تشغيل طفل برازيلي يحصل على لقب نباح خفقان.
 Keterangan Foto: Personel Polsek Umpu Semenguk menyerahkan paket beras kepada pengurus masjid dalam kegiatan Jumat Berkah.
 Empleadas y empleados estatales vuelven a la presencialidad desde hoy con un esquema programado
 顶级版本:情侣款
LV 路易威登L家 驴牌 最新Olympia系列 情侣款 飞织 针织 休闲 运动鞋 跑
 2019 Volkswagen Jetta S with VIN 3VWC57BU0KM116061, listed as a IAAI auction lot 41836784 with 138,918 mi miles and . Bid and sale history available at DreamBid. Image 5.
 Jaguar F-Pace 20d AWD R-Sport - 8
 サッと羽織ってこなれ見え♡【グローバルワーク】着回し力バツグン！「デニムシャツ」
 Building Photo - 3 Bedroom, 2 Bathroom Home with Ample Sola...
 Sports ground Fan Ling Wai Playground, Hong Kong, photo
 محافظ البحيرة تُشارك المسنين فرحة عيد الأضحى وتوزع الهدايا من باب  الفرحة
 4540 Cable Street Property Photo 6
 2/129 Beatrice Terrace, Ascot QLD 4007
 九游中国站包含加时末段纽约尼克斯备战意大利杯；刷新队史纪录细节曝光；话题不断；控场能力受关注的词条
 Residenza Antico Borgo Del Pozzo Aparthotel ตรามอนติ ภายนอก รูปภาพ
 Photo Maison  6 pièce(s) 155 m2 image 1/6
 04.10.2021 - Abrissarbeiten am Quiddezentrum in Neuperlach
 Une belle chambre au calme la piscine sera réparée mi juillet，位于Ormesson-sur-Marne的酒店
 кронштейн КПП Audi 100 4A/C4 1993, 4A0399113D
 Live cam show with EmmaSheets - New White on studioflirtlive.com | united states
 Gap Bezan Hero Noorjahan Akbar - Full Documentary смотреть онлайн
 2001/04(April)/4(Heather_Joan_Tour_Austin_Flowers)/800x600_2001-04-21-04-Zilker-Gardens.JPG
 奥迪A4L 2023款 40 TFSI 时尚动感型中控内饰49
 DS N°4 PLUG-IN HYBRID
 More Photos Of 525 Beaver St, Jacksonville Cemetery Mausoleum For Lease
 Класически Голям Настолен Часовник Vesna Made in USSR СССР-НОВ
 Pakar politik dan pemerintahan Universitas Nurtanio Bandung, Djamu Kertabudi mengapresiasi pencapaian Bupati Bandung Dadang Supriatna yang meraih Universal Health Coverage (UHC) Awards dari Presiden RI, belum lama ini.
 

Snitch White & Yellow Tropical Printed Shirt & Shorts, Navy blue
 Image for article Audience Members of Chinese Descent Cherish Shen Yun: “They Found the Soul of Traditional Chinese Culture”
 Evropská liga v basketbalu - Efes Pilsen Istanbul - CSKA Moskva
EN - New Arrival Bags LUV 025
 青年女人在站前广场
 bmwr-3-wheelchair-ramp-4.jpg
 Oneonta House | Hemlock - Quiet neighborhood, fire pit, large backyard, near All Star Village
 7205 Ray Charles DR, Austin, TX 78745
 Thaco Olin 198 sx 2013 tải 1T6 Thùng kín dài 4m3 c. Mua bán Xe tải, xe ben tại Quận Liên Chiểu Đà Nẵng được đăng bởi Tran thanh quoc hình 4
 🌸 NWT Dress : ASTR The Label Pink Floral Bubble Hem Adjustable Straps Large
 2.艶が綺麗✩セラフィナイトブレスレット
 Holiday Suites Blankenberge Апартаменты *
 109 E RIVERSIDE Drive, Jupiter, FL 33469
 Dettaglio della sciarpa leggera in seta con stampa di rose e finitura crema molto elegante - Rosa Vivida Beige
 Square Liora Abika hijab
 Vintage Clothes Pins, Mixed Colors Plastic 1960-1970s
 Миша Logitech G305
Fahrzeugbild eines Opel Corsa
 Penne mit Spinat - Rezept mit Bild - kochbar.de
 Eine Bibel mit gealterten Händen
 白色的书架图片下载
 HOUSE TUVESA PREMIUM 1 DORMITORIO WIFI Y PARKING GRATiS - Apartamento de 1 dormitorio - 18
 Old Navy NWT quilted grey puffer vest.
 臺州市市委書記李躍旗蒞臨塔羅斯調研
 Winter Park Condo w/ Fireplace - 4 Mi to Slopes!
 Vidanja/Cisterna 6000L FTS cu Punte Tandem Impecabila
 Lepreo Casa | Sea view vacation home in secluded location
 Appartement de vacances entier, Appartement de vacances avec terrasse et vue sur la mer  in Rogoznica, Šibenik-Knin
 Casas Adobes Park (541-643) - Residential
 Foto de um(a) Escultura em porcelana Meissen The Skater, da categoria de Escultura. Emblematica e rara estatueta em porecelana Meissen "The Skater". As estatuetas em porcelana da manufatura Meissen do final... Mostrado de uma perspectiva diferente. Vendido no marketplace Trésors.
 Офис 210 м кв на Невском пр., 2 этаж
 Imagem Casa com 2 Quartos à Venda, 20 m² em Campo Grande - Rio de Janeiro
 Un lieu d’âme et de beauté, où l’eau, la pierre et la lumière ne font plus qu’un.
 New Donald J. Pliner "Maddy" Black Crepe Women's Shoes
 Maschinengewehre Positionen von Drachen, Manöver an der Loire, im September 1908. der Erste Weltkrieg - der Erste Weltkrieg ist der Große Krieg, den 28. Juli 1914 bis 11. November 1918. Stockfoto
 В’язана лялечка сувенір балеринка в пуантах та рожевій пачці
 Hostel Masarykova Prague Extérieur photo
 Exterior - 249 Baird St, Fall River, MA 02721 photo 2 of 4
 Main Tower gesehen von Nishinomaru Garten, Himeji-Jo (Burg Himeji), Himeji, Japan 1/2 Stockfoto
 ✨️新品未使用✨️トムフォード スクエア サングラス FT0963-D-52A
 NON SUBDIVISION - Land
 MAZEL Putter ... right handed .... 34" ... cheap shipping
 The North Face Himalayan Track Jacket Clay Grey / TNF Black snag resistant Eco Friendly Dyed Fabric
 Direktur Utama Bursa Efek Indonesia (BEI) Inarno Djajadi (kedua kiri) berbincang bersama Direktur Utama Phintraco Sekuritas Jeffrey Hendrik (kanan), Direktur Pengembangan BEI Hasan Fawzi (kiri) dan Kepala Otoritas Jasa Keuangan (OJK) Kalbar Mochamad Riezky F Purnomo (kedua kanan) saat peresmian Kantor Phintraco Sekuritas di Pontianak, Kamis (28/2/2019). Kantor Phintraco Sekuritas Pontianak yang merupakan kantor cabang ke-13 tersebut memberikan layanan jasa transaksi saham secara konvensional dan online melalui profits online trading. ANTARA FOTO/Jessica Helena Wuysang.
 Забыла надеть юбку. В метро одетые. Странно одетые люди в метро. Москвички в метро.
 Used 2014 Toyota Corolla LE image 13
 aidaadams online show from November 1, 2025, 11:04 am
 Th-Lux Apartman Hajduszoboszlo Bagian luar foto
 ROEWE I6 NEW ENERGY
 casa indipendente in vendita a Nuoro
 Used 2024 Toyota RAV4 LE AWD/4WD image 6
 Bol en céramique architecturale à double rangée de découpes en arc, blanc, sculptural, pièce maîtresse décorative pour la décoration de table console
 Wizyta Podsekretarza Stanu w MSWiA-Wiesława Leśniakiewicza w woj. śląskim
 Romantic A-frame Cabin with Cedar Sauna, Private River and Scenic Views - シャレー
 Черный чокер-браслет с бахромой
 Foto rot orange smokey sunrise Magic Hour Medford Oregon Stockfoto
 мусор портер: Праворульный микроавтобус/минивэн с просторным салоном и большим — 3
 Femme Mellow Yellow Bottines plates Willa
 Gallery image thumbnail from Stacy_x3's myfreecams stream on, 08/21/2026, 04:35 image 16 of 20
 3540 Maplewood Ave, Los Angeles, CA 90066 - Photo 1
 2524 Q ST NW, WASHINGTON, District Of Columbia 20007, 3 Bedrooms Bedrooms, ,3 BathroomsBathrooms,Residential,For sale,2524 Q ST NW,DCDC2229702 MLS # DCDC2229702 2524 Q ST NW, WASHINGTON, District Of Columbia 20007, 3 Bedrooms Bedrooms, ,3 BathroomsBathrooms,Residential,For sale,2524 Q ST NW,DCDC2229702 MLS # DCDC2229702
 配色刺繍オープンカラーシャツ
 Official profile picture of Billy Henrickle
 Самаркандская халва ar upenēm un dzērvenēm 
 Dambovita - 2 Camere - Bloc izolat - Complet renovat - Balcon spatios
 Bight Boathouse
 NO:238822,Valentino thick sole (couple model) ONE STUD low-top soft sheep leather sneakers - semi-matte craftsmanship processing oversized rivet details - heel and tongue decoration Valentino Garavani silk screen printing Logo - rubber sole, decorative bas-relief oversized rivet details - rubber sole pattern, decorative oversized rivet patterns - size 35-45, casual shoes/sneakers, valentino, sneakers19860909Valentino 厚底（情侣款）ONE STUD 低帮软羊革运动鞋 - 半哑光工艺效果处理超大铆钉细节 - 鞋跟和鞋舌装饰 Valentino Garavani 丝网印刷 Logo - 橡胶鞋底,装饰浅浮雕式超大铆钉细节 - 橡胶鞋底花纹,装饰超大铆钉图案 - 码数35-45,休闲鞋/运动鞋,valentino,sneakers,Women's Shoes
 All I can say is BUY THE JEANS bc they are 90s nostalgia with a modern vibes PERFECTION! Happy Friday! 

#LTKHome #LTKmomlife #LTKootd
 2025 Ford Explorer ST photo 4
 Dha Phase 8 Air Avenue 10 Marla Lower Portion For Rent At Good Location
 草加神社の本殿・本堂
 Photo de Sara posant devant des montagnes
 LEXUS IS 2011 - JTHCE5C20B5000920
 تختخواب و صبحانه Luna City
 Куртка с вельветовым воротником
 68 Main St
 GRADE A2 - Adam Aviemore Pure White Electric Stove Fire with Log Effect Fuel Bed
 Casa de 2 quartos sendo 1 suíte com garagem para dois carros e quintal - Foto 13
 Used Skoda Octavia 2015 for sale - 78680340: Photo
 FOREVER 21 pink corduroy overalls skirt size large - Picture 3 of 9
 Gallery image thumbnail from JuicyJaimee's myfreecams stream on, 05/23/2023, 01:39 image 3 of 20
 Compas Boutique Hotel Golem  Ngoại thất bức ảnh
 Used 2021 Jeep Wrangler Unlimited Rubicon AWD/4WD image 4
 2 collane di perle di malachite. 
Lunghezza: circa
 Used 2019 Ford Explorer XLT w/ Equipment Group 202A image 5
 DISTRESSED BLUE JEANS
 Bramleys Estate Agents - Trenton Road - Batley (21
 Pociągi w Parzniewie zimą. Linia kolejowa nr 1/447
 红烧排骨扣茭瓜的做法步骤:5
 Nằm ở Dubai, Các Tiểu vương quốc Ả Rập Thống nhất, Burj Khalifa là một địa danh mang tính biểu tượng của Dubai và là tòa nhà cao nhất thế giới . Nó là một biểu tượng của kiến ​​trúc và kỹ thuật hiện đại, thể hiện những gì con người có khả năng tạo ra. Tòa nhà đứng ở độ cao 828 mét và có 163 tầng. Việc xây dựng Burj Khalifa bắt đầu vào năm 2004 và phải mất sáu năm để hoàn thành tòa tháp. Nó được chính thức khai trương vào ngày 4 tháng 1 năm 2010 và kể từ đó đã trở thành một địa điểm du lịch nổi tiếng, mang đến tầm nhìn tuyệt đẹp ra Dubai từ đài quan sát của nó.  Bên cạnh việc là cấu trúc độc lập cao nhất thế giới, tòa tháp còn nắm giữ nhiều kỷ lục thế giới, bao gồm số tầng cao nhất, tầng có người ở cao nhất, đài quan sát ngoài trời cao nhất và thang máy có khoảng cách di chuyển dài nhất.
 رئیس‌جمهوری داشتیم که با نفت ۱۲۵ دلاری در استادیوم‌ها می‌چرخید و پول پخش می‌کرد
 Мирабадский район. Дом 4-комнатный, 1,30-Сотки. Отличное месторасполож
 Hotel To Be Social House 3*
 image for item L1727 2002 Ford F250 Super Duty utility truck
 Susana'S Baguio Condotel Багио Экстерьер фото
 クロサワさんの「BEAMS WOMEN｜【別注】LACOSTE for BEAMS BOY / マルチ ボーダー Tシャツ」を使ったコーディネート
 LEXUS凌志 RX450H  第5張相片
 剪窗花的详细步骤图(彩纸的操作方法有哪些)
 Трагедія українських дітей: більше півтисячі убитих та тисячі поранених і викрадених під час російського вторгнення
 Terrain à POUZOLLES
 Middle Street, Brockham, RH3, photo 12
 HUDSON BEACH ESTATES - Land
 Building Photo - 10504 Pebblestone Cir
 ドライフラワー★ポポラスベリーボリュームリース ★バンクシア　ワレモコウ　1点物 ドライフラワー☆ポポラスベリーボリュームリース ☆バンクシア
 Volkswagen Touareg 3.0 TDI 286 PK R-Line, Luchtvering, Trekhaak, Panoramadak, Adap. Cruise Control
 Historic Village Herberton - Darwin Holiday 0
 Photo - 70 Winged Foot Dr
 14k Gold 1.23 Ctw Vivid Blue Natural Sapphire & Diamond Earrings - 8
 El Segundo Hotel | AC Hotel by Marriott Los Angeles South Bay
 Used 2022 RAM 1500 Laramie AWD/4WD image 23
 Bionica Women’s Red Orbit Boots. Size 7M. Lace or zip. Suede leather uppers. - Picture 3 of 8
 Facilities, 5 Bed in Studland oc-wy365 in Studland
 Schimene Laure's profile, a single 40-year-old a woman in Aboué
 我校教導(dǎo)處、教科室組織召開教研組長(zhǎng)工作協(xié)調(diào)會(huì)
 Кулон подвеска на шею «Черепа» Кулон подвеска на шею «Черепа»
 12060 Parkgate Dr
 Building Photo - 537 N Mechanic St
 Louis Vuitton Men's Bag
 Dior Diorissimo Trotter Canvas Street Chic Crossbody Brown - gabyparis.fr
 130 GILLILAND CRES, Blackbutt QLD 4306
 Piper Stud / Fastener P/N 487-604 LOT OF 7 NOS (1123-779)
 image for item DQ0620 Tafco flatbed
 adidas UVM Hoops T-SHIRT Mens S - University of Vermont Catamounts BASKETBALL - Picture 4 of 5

==================================================

Look through the records above for the word "Building". Report how many lines contain it, as a bare number.

3